The Oath has succeeded in fueling a meaningful dialogue about integrity in business management. In the interest of advancing the conversation, we address four salient questions regarding the Oath's purpose and relevance.
Is the MBA Oath anti-business?
No. At the heart of the Oath is the deepest respect for capitalism and free enterprise as a means of creating value. The Oath asks leaders to "manage my enterprise in good faith, guarding against decisions and behavior that advance my own narrow ambitions but harm the enterprise and the societies it serves." This commitment is in the long-term interest of the enterprise and its shareholders.
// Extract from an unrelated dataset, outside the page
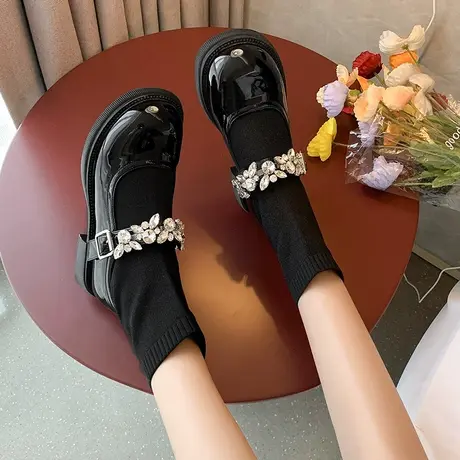 厚底马丁靴女弹力袜靴英伦风增高水钻短靴粗跟针织瘦瘦靴春秋单靴图片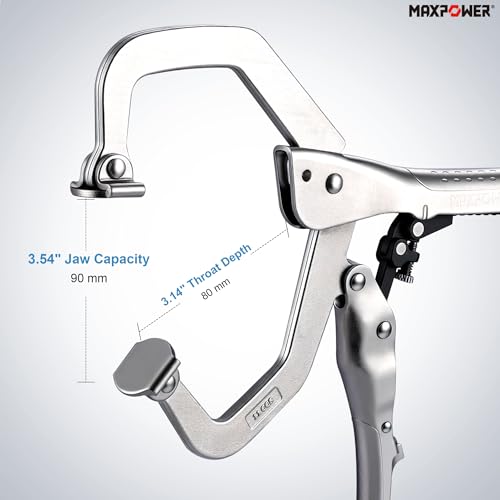 MAXPOWER 12" Self-Adjust Locking C-Clamp, 3.54" Jaw Opening, Swivel Pads - style: Swivel Pads | 12"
Business leaders are stewards of enormous amounts of resources—financial, human, and environmental. As rising business leaders, we sign and support the MBA Oath because we fundamentally believe business managers should be standard-bearers of ethics and professionalism. To sign the Oath is to acknowledge that our actions have far-reaching consequences in shaping society.
I'm an ethical person. Do I really need an oath?
A Harvard Business School professor, in his closing remarks following a case discussion on the financial crisis, told students: "Leadership is about protecting yourself and others in your organization from becoming morally disengaged." Even the most ethical among us make decisions in a world of relative standards: We evaluate, make, and rationalize choices using the people and institutions around us as benchmarks. In a world where all business leaders operate with the utmost integrity, relative standards would be enough. Unfortunately, business history has shown that relative standards gradually lead good people to make bad decisions, from the halls of Enron to the mortgage-backed securities desk.
To put this into context, Harvard Business School recently hosted two white collar criminals to share with students how a slippery slope landed them in federal prison for fraud. The lesson was that we "practice" making bad decisions through daily, seemingly inconsequential, unethical choices (adding $5 to an expense reimbursement, for example). The felon reflected: "Through small acts, I built up a capability for making and rationalizing unethical decisions."
The MBA Oath offers a compelling alternative to relative standards—a higher absolute standard that holds steadfast in a world of shifting relative ones. As one student explained after signing: "The Oath is a reminder of my own potential.